■ **WORK TO BE COMPLETED**: Would you write out, word for word, each line of the records below from the top through the one holding "87 - 35 Malta"?

....

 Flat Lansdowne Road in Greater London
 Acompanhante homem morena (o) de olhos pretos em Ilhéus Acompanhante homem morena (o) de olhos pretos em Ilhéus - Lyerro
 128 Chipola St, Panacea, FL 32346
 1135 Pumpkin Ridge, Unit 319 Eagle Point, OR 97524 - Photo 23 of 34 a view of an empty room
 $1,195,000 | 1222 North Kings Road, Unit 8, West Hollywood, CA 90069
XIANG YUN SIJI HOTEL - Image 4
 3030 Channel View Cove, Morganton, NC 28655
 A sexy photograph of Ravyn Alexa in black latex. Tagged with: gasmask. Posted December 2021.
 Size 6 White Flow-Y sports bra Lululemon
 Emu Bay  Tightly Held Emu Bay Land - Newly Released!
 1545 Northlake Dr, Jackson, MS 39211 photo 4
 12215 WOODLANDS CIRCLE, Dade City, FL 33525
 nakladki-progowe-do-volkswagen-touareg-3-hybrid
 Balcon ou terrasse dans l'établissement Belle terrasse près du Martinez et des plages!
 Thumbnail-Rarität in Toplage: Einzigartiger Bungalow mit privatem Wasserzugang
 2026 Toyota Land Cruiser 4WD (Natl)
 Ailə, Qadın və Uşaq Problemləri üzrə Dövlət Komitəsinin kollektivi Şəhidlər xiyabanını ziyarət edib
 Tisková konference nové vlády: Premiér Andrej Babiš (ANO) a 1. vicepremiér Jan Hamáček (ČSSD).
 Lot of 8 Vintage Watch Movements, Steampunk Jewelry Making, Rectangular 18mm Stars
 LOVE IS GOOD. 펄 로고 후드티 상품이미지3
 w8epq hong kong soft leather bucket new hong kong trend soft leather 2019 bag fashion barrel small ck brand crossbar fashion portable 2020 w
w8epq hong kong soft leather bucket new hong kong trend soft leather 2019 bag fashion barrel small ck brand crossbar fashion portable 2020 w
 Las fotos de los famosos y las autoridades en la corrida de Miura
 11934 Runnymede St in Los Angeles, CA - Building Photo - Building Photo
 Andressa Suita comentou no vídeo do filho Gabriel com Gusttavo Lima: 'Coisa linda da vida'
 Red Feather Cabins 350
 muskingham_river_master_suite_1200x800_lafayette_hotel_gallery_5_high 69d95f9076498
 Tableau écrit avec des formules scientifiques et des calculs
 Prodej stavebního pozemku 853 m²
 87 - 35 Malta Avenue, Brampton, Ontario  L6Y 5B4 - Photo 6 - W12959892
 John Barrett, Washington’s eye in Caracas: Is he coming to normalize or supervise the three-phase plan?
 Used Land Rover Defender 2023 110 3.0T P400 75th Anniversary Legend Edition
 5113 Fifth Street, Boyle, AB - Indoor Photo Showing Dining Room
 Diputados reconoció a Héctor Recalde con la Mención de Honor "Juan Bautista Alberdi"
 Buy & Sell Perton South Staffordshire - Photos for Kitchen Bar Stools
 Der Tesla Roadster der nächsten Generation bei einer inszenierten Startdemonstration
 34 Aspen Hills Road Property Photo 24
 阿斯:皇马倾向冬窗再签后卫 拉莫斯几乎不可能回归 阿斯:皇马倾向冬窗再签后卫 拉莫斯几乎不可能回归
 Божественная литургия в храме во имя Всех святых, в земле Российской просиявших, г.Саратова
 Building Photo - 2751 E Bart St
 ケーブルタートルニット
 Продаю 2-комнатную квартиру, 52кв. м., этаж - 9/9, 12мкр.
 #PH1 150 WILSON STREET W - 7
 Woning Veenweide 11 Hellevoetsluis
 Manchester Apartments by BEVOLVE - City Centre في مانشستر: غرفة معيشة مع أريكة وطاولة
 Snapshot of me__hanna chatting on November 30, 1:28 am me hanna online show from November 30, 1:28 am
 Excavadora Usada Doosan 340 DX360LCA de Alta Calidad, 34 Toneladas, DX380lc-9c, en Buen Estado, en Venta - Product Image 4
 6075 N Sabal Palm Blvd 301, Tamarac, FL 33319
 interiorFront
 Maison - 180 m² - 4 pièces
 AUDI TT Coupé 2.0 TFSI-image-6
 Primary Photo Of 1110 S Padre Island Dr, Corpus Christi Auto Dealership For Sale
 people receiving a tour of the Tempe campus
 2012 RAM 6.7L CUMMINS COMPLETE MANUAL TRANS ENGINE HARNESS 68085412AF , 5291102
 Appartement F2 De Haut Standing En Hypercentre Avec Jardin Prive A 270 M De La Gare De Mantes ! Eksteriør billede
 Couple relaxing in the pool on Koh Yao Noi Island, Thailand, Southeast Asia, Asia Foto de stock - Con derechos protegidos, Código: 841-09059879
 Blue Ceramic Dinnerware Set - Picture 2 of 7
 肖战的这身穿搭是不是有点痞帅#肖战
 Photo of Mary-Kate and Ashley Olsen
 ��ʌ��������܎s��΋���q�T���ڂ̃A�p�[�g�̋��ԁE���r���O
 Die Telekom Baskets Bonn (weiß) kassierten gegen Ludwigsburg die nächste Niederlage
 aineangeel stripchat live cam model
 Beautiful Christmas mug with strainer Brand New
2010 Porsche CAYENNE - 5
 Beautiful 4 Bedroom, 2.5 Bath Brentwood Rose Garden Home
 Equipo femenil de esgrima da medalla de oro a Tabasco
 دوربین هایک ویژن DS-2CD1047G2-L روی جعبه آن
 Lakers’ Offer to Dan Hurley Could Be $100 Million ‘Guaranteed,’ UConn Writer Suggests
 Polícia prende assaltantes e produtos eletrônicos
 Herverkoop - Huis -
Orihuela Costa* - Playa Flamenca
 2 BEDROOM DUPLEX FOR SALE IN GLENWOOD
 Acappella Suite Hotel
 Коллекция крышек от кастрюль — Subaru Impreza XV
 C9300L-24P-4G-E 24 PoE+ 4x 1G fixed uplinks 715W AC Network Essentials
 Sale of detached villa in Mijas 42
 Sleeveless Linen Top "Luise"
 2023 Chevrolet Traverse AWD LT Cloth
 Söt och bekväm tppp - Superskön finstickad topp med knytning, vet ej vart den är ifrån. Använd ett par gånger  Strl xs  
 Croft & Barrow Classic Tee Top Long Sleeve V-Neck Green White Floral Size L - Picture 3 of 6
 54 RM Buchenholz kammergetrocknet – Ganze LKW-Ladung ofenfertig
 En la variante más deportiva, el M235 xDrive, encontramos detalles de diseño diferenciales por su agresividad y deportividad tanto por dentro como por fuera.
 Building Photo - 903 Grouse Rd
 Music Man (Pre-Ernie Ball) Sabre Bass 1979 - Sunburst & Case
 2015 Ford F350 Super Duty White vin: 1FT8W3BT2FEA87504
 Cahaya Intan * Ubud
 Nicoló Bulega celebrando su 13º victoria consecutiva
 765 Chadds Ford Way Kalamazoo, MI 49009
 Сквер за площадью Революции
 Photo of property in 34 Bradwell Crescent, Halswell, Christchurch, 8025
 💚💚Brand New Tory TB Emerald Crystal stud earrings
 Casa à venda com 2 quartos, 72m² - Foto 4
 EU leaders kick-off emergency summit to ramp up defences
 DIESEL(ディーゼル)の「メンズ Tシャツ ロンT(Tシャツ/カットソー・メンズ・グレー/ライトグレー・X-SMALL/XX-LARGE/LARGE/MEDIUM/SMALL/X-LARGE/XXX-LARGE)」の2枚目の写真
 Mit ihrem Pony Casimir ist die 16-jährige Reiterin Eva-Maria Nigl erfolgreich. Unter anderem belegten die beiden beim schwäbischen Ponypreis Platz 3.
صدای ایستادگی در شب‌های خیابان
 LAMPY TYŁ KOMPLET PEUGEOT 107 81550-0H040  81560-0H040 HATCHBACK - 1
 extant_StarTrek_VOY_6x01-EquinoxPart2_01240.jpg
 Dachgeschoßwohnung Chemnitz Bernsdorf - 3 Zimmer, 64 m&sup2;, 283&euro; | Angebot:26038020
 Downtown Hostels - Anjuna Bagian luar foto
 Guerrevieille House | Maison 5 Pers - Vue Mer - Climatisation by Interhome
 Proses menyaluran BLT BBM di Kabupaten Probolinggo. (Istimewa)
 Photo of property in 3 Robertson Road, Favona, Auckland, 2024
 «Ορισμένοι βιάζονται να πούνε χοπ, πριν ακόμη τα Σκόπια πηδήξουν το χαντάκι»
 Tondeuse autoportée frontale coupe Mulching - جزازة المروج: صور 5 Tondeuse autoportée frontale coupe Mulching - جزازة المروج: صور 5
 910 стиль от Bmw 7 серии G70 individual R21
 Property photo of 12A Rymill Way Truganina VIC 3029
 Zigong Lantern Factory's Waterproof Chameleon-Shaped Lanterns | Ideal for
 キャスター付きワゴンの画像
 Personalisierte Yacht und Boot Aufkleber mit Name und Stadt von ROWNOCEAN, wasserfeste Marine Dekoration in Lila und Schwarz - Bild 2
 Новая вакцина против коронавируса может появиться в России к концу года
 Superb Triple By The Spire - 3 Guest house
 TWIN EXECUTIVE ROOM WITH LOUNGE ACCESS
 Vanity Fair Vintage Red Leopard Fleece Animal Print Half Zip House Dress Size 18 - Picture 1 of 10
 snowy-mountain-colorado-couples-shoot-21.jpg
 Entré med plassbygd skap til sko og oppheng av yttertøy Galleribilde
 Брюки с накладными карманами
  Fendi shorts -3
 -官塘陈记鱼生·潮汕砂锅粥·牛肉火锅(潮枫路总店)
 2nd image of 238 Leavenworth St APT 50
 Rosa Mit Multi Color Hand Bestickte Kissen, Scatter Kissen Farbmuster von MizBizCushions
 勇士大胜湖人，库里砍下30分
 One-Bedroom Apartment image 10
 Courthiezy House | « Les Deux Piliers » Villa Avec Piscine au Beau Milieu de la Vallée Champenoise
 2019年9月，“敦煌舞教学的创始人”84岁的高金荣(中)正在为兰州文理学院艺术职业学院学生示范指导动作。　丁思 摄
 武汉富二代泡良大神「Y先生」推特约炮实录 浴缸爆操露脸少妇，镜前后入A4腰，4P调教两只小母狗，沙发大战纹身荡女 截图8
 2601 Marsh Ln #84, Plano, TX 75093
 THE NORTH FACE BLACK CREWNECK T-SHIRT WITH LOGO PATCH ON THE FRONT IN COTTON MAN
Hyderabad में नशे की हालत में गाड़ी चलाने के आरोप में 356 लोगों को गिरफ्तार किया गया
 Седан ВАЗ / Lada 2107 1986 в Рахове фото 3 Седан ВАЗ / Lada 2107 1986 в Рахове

....

■ **ANSWER FOR THE TASK**:
 Flat Lansdowne Road in Greater London
 Acompanhante homem morena (o) de olhos pretos em Ilhéus Acompanhante homem morena (o) de olhos pretos em Ilhéus - Lyerro
 128 Chipola St, Panacea, FL 32346
 1135 Pumpkin Ridge, Unit 319 Eagle Point, OR 97524 - Photo 23 of 34 a view of an empty room
 $1,195,000 | 1222 North Kings Road, Unit 8, West Hollywood, CA 90069
XIANG YUN SIJI HOTEL - Image 4
 3030 Channel View Cove, Morganton, NC 28655
 A sexy photograph of Ravyn Alexa in black latex. Tagged with: gasmask. Posted December 2021.
 Size 6 White Flow-Y sports bra Lululemon
 Emu Bay  Tightly Held Emu Bay Land - Newly Released!
 1545 Northlake Dr, Jackson, MS 39211 photo 4
 12215 WOODLANDS CIRCLE, Dade City, FL 33525
 nakladki-progowe-do-volkswagen-touareg-3-hybrid
 Balcon ou terrasse dans l'établissement Belle terrasse près du Martinez et des plages!
 Thumbnail-Rarität in Toplage: Einzigartiger Bungalow mit privatem Wasserzugang
 2026 Toyota Land Cruiser 4WD (Natl)
 Ailə, Qadın və Uşaq Problemləri üzrə Dövlət Komitəsinin kollektivi Şəhidlər xiyabanını ziyarət edib
 Tisková konference nové vlády: Premiér Andrej Babiš (ANO) a 1. vicepremiér Jan Hamáček (ČSSD).
 Lot of 8 Vintage Watch Movements, Steampunk Jewelry Making, Rectangular 18mm Stars
 LOVE IS GOOD. 펄 로고 후드티 상품이미지3
 w8epq hong kong soft leather bucket new hong kong trend soft leather 2019 bag fashion barrel small ck brand crossbar fashion portable 2020 w
w8epq hong kong soft leather bucket new hong kong trend soft leather 2019 bag fashion barrel small ck brand crossbar fashion portable 2020 w
 Las fotos de los famosos y las autoridades en la corrida de Miura
 11934 Runnymede St in Los Angeles, CA - Building Photo - Building Photo
 Andressa Suita comentou no vídeo do filho Gabriel com Gusttavo Lima: 'Coisa linda da vida'
 Red Feather Cabins 350
 muskingham_river_master_suite_1200x800_lafayette_hotel_gallery_5_high 69d95f9076498
 Tableau écrit avec des formules scientifiques et des calculs
 Prodej stavebního pozemku 853 m²
 87 - 35 Malta Avenue, Brampton, Ontario  L6Y 5B4 - Photo 6 - W12959892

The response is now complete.